(Beginning of Data excerpt)

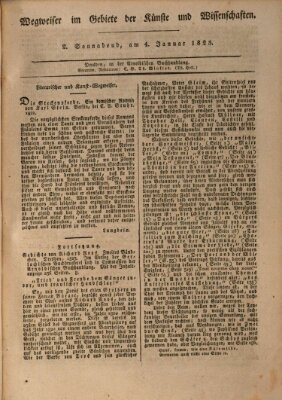 Abend-Zeitung Samstag 4. Januar 1823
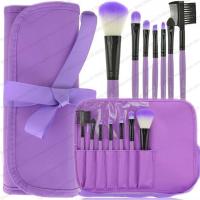 ราคา แกะ กระเป๋าสตางค์ริบบิ้นสีม่วงแปรงแต่งหน้าแพคเกจ 7 ชิ้นเคสสีม่วง สํานักงานใหญ่ ชุดแปรง (6580981165)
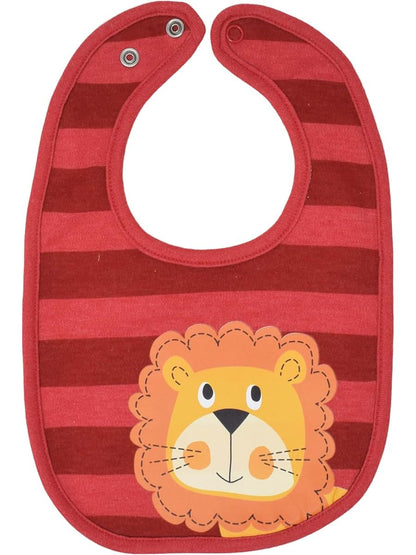 Funstuff Animals 5 Pack Bibs One Size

(End of Data excerpt)

**The task**
What you write should match, word for word, the lines from the one containing "ราคา แกะ กระเป๋าสตางค์ริบบิ้นสีม่วงแปรงแต่งหน้าแพคเกจ" to the end of the listing, with both ends kept and the pictures left out.

**Your response**
 ราคา แกะ กระเป๋าสตางค์ริบบิ้นสีม่วงแปรงแต่งหน้าแพคเกจ 7 ชิ้นเคสสีม่วง สํานักงานใหญ่ ชุดแปรง (6580981165)
 Funstuff Animals 5 Pack Bibs One Size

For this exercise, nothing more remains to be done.